The installation consists of a woven wire nest alongside a series of smaller wire sculptures. These suspended forms interact dynamically with the barn’s natural light, casting intricate shadows that shift throughout the day. These shadows become integral to the work, mirroring the nests’ conceptual duality—where strength meets fragility and creation coexists with precarity. This interdependence of form and shadow invites viewers to consider how physical and metaphorical spaces are shaped by the forces around them.

With its rustic textures and imperfections, the barn is a meaningful collaborator in this work. Its environment—marked by hay, dust, and the passage of time—contrasts with the industrial steel wire, a material historically associated with boundaries and division. By transforming this utilitarian material into delicate, transparent forms, the work subverts its conventional associations and reclaims it as a medium of care and connection. The installation thus becomes a dialogue between the man-made and the organic, blurring the boundaries between art and site and rethinking the role of exhibition spaces.

The Hotel Kalahari title reflects the sociable weaver nests’ role as communal hubs that accommodate life and nurture resilience in an unforgiving landscape. These nests resonate as symbols of survival and adaptability, mirroring the human condition. In creating the installation, I engaged in a repetitive, meditative process of weaving that mirrored the birds’ instinctual act of building. This labour-intensive practice became a personal exploration of loss and healing, transforming grief into something hopeful and generative.

The installation also invites broader questions about how we inhabit and share spaces. How do natural and human-made structures shape our understanding of community and care? What narratives can we reclaim from materials like wire, traditionally used to separate and confine? In this context, Hotel Kalahari is not only an homage to resilience but also an invitation to reconsider how art can create spaces of connection and reflection.

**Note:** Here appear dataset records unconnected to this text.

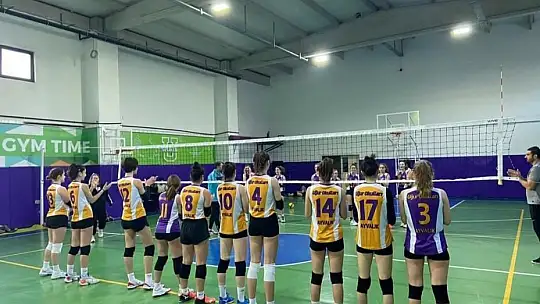 Liseler arası voleybol turnuvasında Ayvalık Özel Uğur Anadolu Lisesi yarı finale yükseldi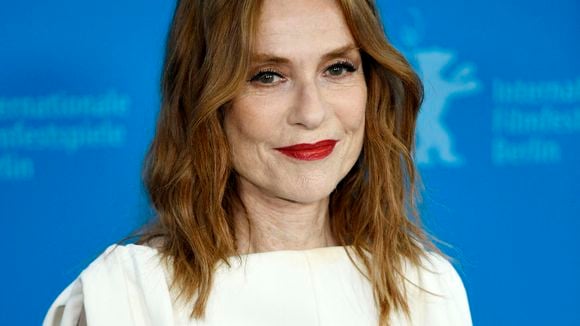Isabelle Huppert, 71 ans : l'actrice mise sur "la marche quotidienne" pour entretenir sa silhouette
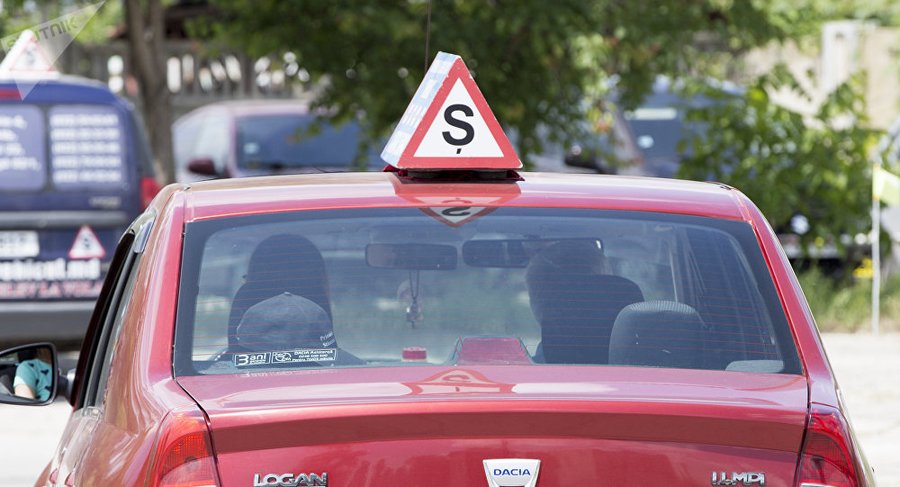 Власти хотят изменить правила обучения водителей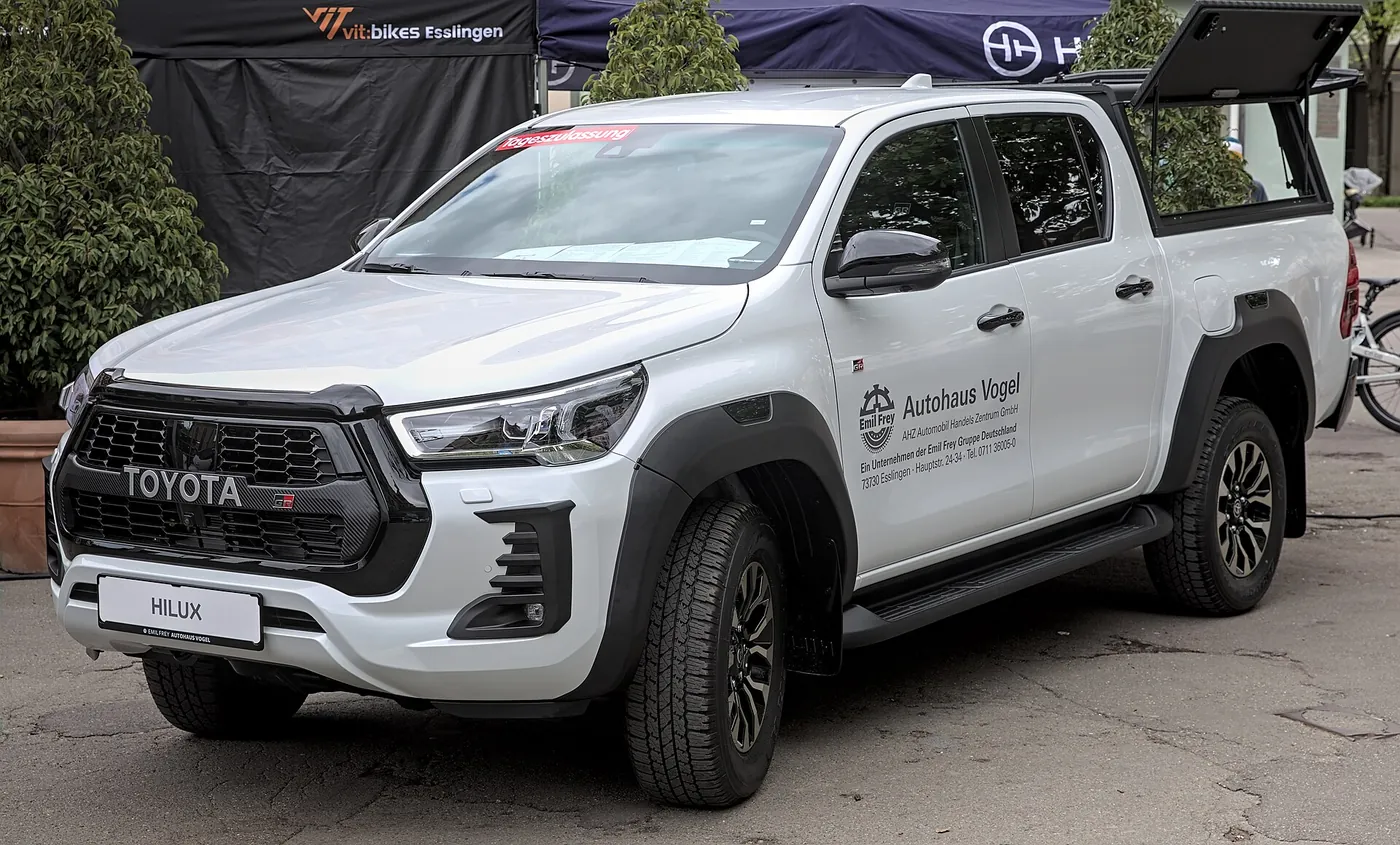 Toyota Hilux — foto 2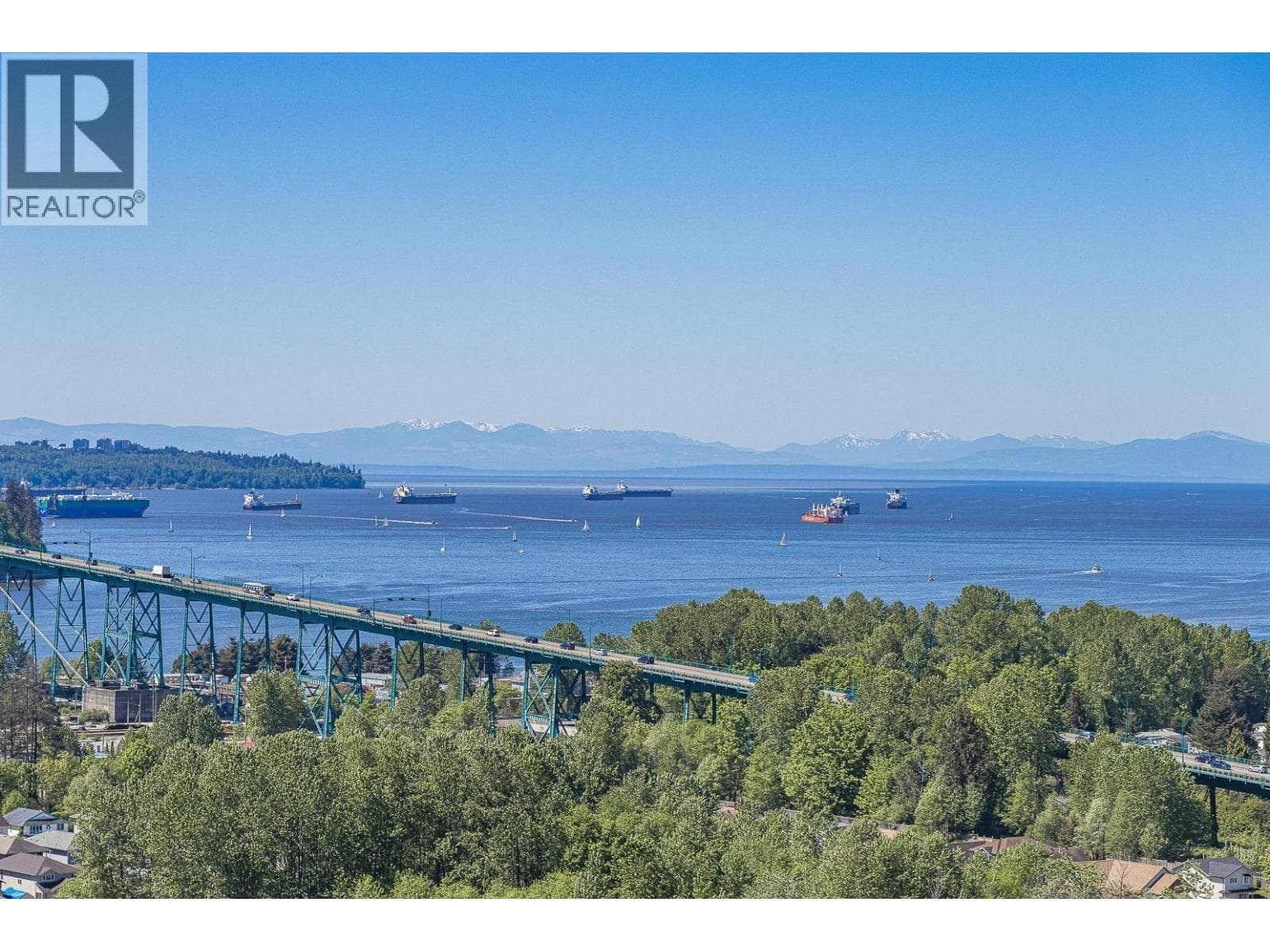 2201 1632 LIONS GATE LANE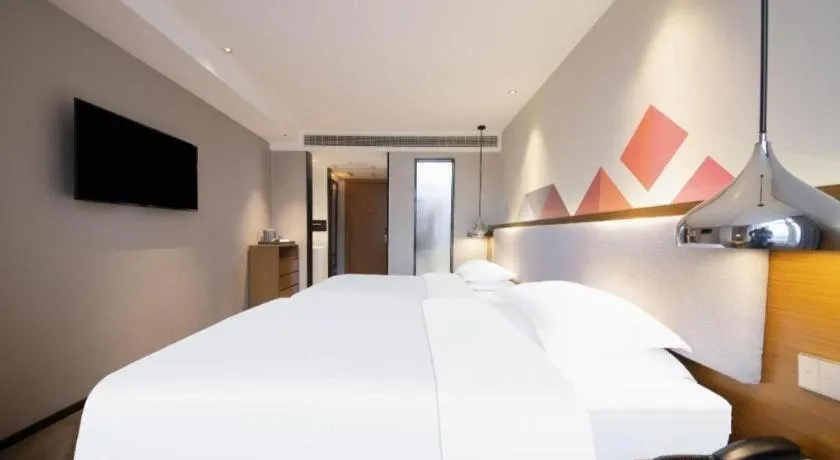 Bed in Borrman Hotel Zhanjiang Wuchuan Jinsha Plaza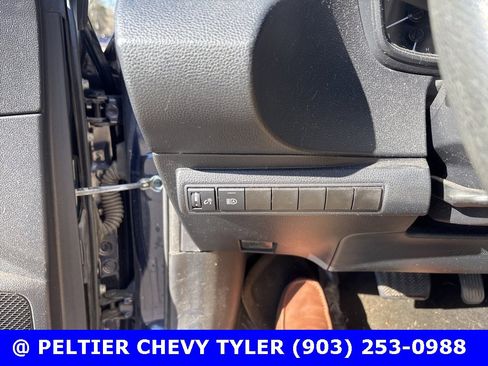 Used 2020 Toyota Corolla LE image 12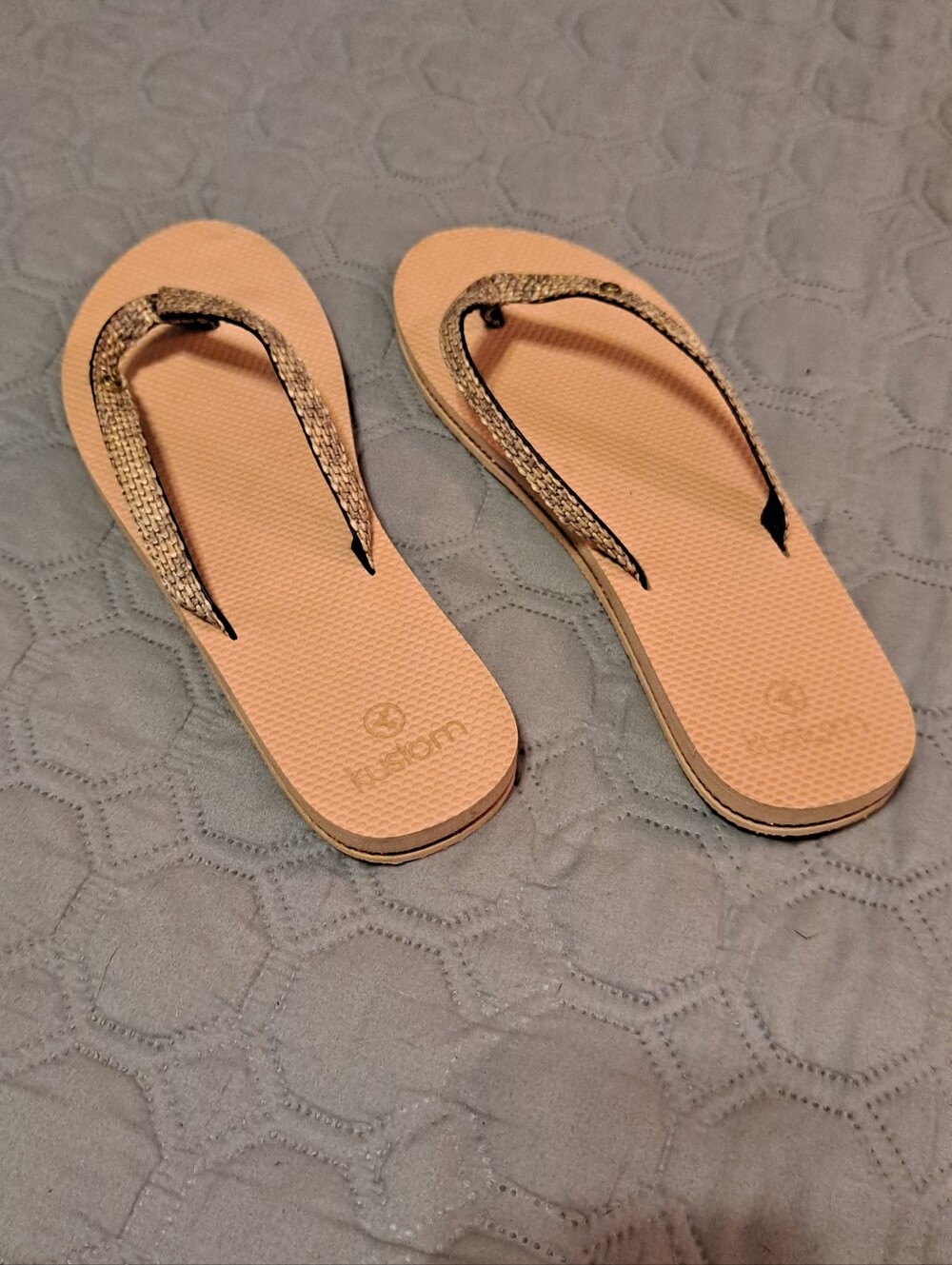 Kustom Women’s Tan Flip-Flop Sandals with Snake-Print Straps Size 9 - Picture 2 of 5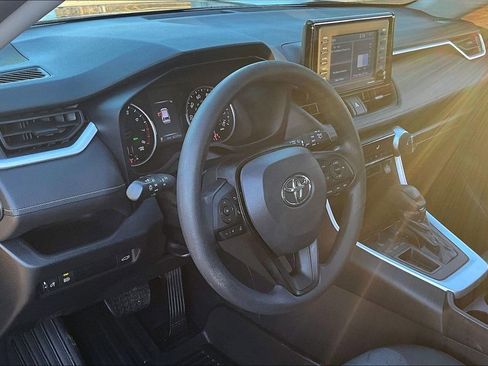 Used 2021 Toyota RAV4 XLE w/ Convenience Package image 17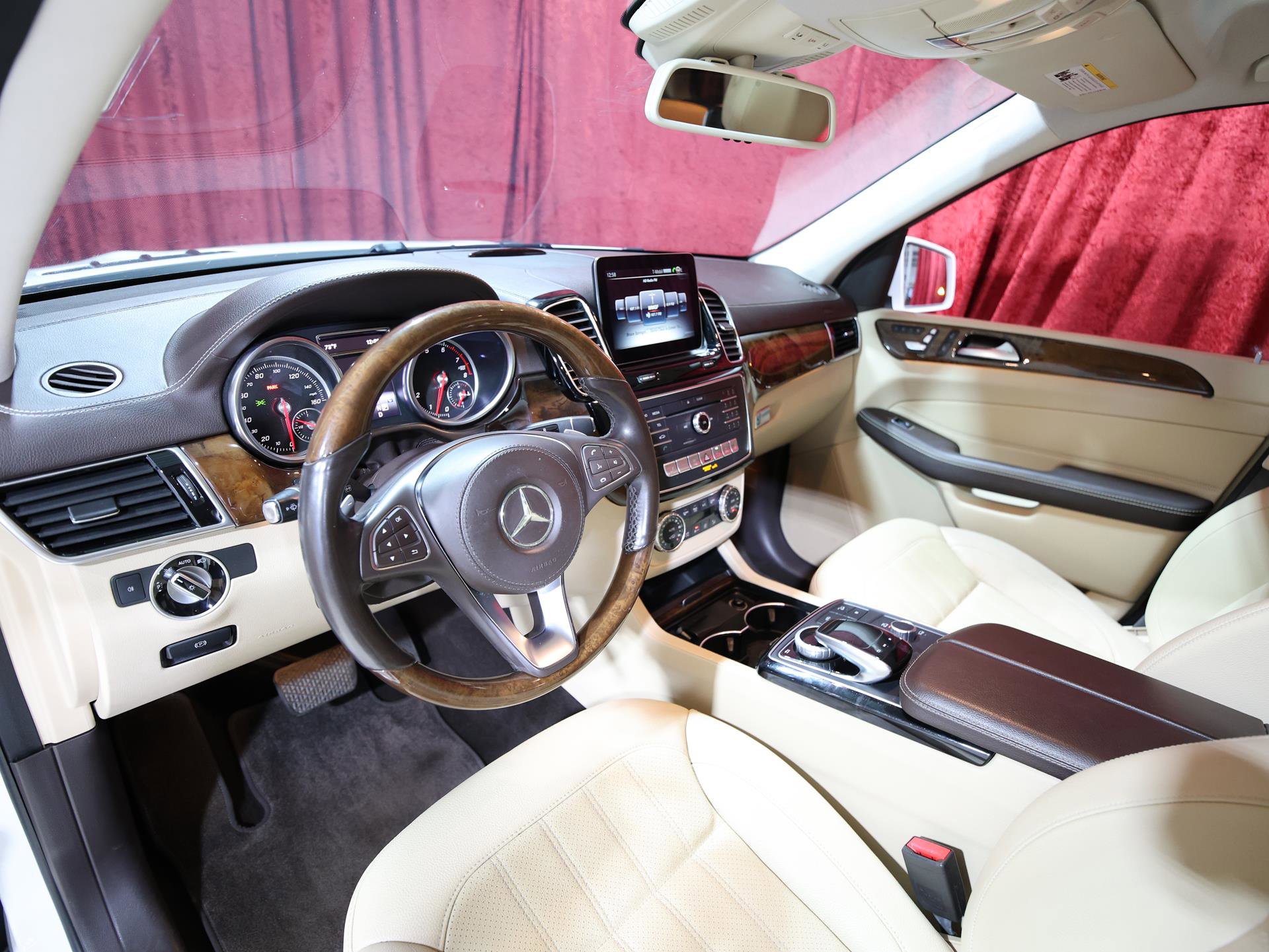 Used 2017 Mercedes-Benz GLS 450 4MATIC image 12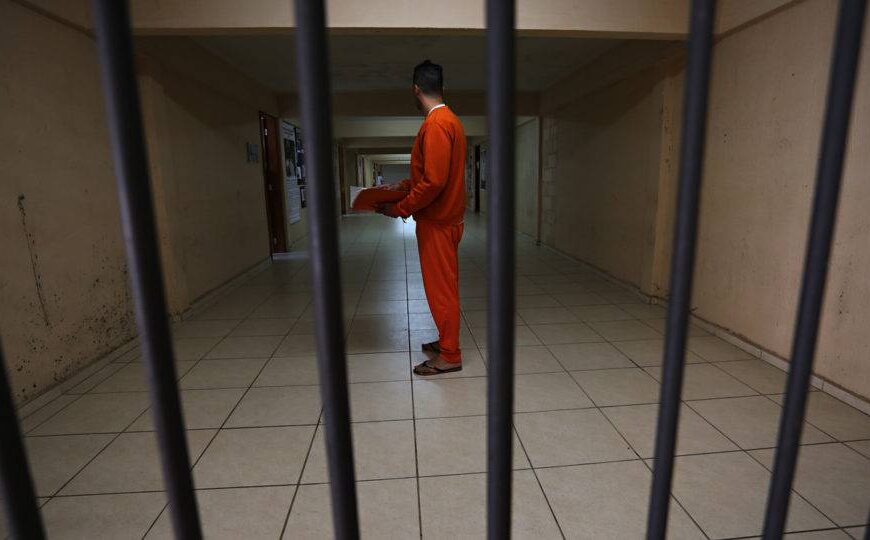 Plano de desencarceramento pesa na reeleição de Lula e deve ser atenuado em 2026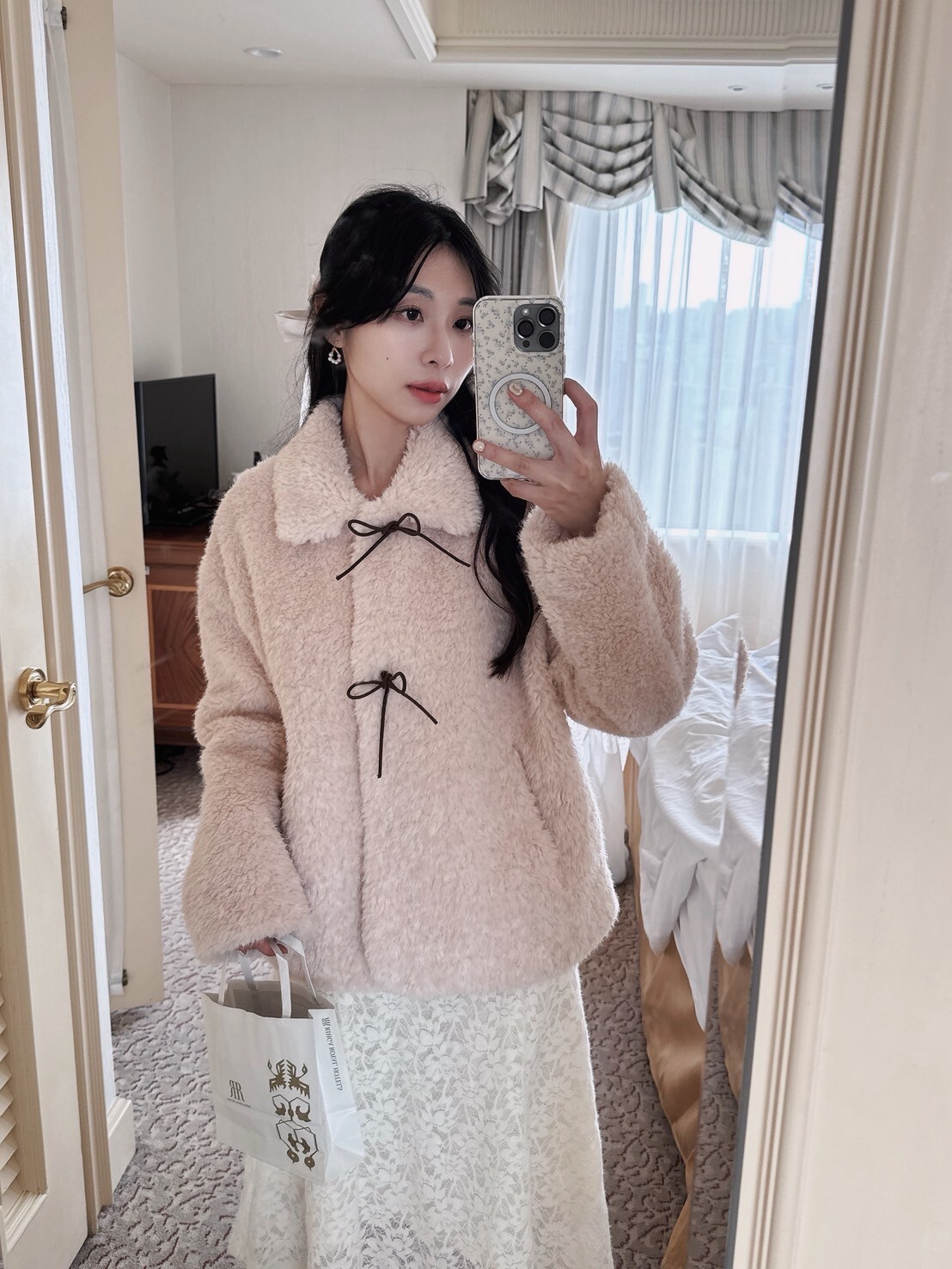 LINE_ALBUM_20251119_251119_246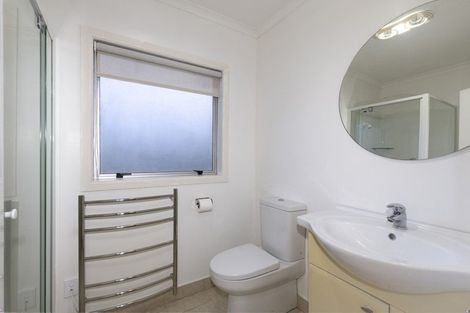 Photo of property in 90 Hakanoa Street, Huntly, 3700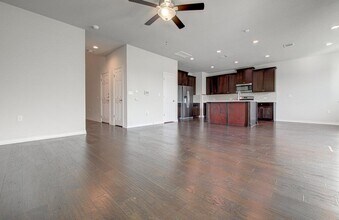 11820 Coyote Call Way in Austin, TX - Building Photo - Building Photo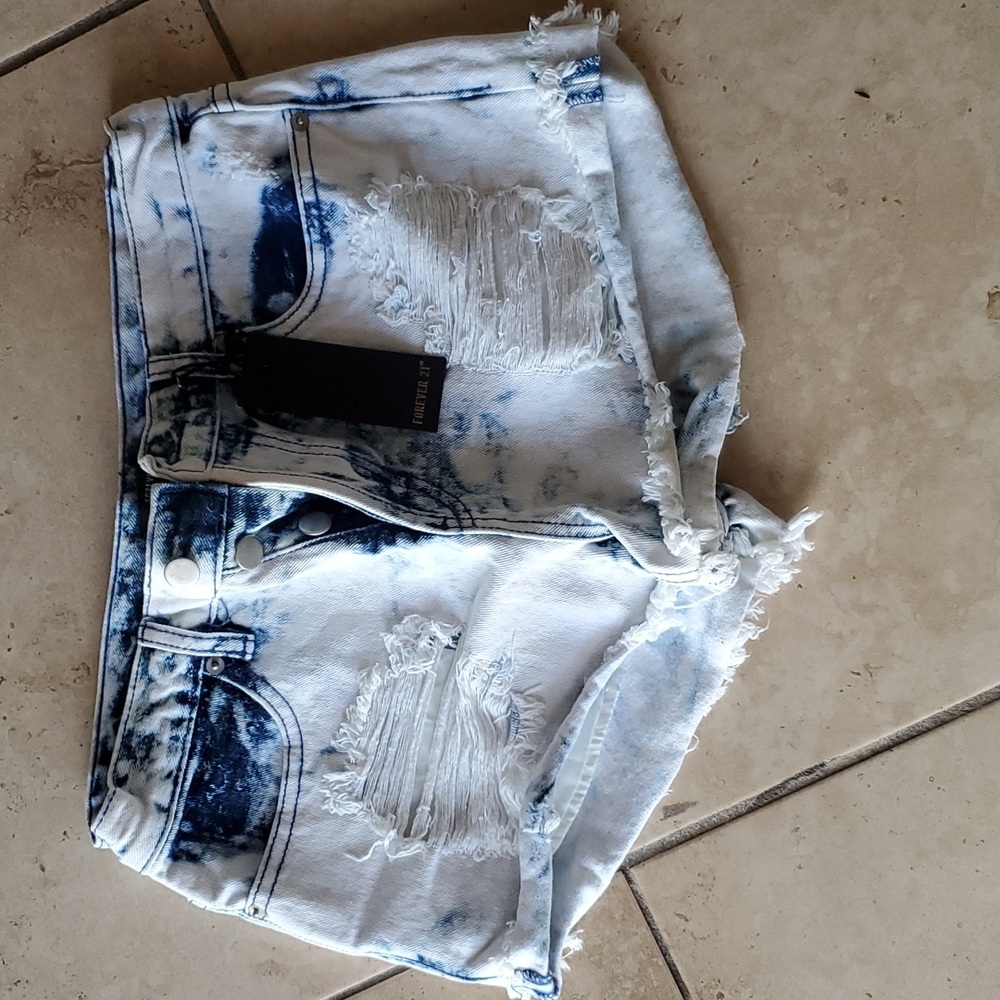NWT Forever 21 distressed acid washed shorts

This exhibition marks a pivotal moment in my practice as I explore how art interacts with its surroundings. The barn was not merely a venue but an active participant, shaping how the work was experienced. I envision adapting Hotel Kalahari for new contexts, including outdoor installations or gallery spaces, each offering unique dialogues between the work, its site, and its audience. Through this interplay of space, light, and material, I hope to continue weaving connections between art, environment and shared humanity.